You may want to have a look at this commit, which appears 
in 2.6.1 too: 

commit c585821bc78955b3d747fcd733aa1d2b81a3258e 
Author: Mathieu Desnoyers <mathieu.desnoyers@efficios.com> 
Date: Wed Aug 19 14:44:59 2015 -0700 

Fix: sessiond vs consumerd push/get metadata deadlock 

We need to unlock the registry while we push metadata to break a 
circular dependency between the consumerd metadata lock and the sessiond 
registry lock. Indeed, pushing metadata to the consumerd awaits that it 
gets pushed all the way to relayd, but doing so requires grabbing the 
metadata lock. If a concurrent metadata request is being performed by 
consumerd, this can try to grab the registry lock on the sessiond while 
holding the metadata lock on the consumer daemon. Those push and pull 
schemes are performed on two different bidirectionnal communication 
sockets. 

Signed-off-by: Mathieu Desnoyers <mathieu.desnoyers@efficios.com> 
Signed-off-by: Jérémie Galarneau <jeremie.galarneau@efficios.com> 

Happy new year! By the way, everyone at EfficiOS is on vacation until January 4th 
(that includes me). ;-) 

Mathieu 

----- On Dec 28, 2015, at 12:24 PM, Aravind HT <aravind.ht@gmail.com> wrote: 

> Hi,
> Ive not had a chance to try it on 2.6.1 or 2.7.0 yet, will try and let you know.
> However, I was able to come up with a fix for 2.6.0 and I do not see any such
> changes on 2.6.1 or 2.7.0, so forwarding you the patch.

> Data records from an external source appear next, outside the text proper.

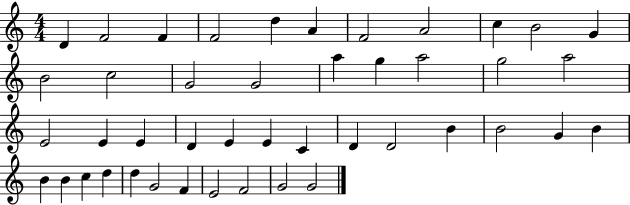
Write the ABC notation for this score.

X:1
T:Untitled
M:4/4
L:1/4
K:C
D F2 F F2 d A F2 A2 c B2 G B2 c2 G2 G2 a g a2 g2 a2 E2 E E D E E C D D2 B B2 G B B B c d d G2 F E2 F2 G2 G2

> diff -Naur ./src/bin/lttng-sessiond/ust-consumer.c
> /tmp/LTTNG_BKP_28_12_1/bin/lttng-sessiond/ust-consumer.c
> --- ./src/bin/lttng-sessiond/ust-consumer.c 2015-12-28 07:45:34.610430830 -0800
> +++ /tmp/LTTNG_BKP_28_12_1/bin/lttng-sessiond/ust-consumer.c 2015-12-28
> 07:58:18.906918555 -0800
> @@ -1,3 +1,4 @@
> +
> /*
> * Copyright (C) 2011 - David Goulet < david.goulet@polymtl.ca >
> *
> @@ -486,17 +487,48 @@
> ust_reg = reg_pid->registry->reg.ust;
> }
> assert(ust_reg);
> +/* ust_reg->lock can also have been taken from push_metadata making this
> metadata request
> +* wait without sending a response to the consumer which gets stuck on the
> recv() call
> +* waiting for a response from sessiond. This metadata request from the consumer
> would
> +* have taken the stream->lock, do_sync_metadata() making the push_metadata wait
> for the stream->lock to be
> +* released, making the sessiond thread pushing the metadata wait on the recv()
> for a
> +* response from the consumer, creating a deadlock. So to avoid this deadlock,
> making
> +* the request metadata flow to fail incase if sessiond is already pushing
> metadata on
> +* its own. */
> + ret = pthread_mutex_trylock(&ust_reg->lock);
> + if(!ret) {
> + ret_push = ust_app_push_metadata(ust_reg, socket, 1);
> + pthread_mutex_unlock(&ust_reg->lock);
> + if (ret_push < 0) {
> + ERR("Error Pushing metadata");
> + /* -EPIPE error would be thrown if the appRegistry->metada_closed was set,
> + * this could have happened if ust_app_unregister() was called when there
> + * was a problem with the sock ( epoll() ) from thread_manage_apps(). This
> + * would have made the current func return an error, upon which, the whole
> + * thread_manage_consumer would have been killed. To avoid this, send
> + * an error back to consumerd and continue buisness as usual */
> + if( ret_push == -EPIPE ) {
> + DBG("app metadata was closed, so sending ERR msg to Consumerd\n");
> + memset(&msg, 0, sizeof(msg));
> + msg.cmd_type = LTTNG_ERR_UND;
> + (void) consumer_send_msg(socket, &msg);
> + ret = 0;
> + } else {
> + ret = -1;
> + }
> + } else {
> + DBG("UST Consumer metadata pushed successfully");
> + ret = 0;
> + }
> +
> + } else {
> + DBG(" ust_reg->lock is taken, cannot push metadata for this request at present
> \n");
> + memset(&msg, 0, sizeof(msg));
> + msg.cmd_type = LTTNG_ERR_UND;
> + (void) consumer_send_msg(socket, &msg);
> + ret = 0;
> - pthread_mutex_lock(&ust_reg->lock);
> - ret_push = ust_app_push_metadata(ust_reg, socket, 1);
> - pthread_mutex_unlock(&ust_reg->lock);
> - if (ret_push < 0) {
> - ERR("Pushing metadata");
> - ret = -1;
> - goto end;
> - }
> - DBG("UST Consumer metadata pushed successfully");
> - ret = 0;
> + }
> end:
> rcu_read_unlock();

> Regards,
> Aravind.

> On Wed, Dec 16, 2015 at 7:48 PM, Mathieu Desnoyers <
> mathieu.desnoyers@efficios.com > wrote:

>> ----- On Dec 16, 2015, at 8:02 AM, Aravind HT < aravind.ht@gmail.com > wrote:

>>> Hi Mathieu,
>>> Ive been able to analyze this sessiond - consumerd hang scenario and I see that
>>> the fix is not available on 2.6.1 or on 2.7.0.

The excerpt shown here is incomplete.